The high school in Marion, Ohio recently took down a Ten Commandments plaque to avoid fighting a lawsuit they are very unlikely to win, which has so upset a freshman student that he is going on strike, refusing to do any homework until they put the plaque back on the wall. Yeah, good luck with that one, kid.
“I am attending class because by law I have to attend class but I am refusing to participate,” Miller said. “I’m aware of the consequences, but I would like to get my point across.”
“I don’t care about my grades now,” he continued. “I told the principal, until there is an agreement reached, I will not participate in any Harding-related activities, any Marion City Schools-related activities. Sports, choir, classes, whatever. I won’t even wear my Harding Marching Band shirt.”

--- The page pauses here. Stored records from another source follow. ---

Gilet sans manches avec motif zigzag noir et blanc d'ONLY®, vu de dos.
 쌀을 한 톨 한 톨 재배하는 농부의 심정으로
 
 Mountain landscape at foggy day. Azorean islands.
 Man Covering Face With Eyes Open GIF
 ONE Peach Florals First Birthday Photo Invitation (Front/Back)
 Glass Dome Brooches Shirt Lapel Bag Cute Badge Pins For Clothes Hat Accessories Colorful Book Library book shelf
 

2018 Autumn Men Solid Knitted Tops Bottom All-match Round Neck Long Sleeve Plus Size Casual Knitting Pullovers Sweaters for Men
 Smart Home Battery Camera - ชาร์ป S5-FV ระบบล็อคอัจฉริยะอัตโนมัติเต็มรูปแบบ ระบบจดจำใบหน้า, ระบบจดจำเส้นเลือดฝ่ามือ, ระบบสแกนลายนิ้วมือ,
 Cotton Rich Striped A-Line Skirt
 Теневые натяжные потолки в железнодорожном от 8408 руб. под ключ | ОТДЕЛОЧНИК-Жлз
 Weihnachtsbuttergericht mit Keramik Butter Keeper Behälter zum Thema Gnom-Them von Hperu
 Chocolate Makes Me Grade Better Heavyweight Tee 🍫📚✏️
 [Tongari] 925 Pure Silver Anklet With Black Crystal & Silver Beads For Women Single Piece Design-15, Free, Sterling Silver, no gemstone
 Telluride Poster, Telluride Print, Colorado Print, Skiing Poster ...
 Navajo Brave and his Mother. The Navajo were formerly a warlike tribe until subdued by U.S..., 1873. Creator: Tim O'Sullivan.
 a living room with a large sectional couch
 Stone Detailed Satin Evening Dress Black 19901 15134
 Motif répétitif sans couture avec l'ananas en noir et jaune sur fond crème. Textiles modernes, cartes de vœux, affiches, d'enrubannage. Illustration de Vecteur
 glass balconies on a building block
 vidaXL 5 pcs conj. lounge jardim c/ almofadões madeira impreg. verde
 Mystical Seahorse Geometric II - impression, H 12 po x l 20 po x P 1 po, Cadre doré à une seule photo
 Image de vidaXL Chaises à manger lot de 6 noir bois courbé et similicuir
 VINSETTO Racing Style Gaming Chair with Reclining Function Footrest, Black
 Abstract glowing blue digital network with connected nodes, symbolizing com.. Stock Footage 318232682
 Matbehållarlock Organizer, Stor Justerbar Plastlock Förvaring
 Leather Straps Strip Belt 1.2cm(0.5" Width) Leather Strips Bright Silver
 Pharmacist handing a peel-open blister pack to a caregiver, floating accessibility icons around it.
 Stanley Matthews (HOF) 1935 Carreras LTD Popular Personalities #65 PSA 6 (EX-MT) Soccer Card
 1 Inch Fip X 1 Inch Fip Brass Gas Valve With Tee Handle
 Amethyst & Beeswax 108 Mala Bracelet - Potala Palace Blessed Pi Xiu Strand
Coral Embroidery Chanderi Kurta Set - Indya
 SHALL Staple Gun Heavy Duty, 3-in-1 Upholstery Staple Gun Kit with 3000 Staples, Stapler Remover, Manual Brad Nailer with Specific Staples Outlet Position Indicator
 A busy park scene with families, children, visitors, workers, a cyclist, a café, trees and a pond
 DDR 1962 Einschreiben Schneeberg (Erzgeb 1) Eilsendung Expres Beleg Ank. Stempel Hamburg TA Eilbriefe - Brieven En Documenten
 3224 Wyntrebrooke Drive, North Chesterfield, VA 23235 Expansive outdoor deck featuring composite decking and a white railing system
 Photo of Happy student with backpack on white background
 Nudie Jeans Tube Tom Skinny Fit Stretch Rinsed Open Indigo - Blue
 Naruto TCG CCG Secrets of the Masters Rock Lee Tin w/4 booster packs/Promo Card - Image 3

Miller insisted that the Ten Commandments are not just a religious symbol, but guidelines it would behoove all students to follow, and that he will carry on with his strike until the plaque is replaced.
“Until there is at least some agreement made between the administration and the students,” Miller said, he will continue his strike. “If it is all year,” he added, “then it is all year.”
Yeah, that’ll show ’em. Pro tip, kid: Holding your own future hostage to get what you want is probably a bad career move. And you’re wrong at every level here. The 10 Commandments are mostly religious commands, which no government school can promote. So you just keep on striking. And if you manage to force the school to put it back up, get sued and lose a big judgment, your classmates will know who to blame if the cost of that lawsuit forces them to cut back on band or other activities.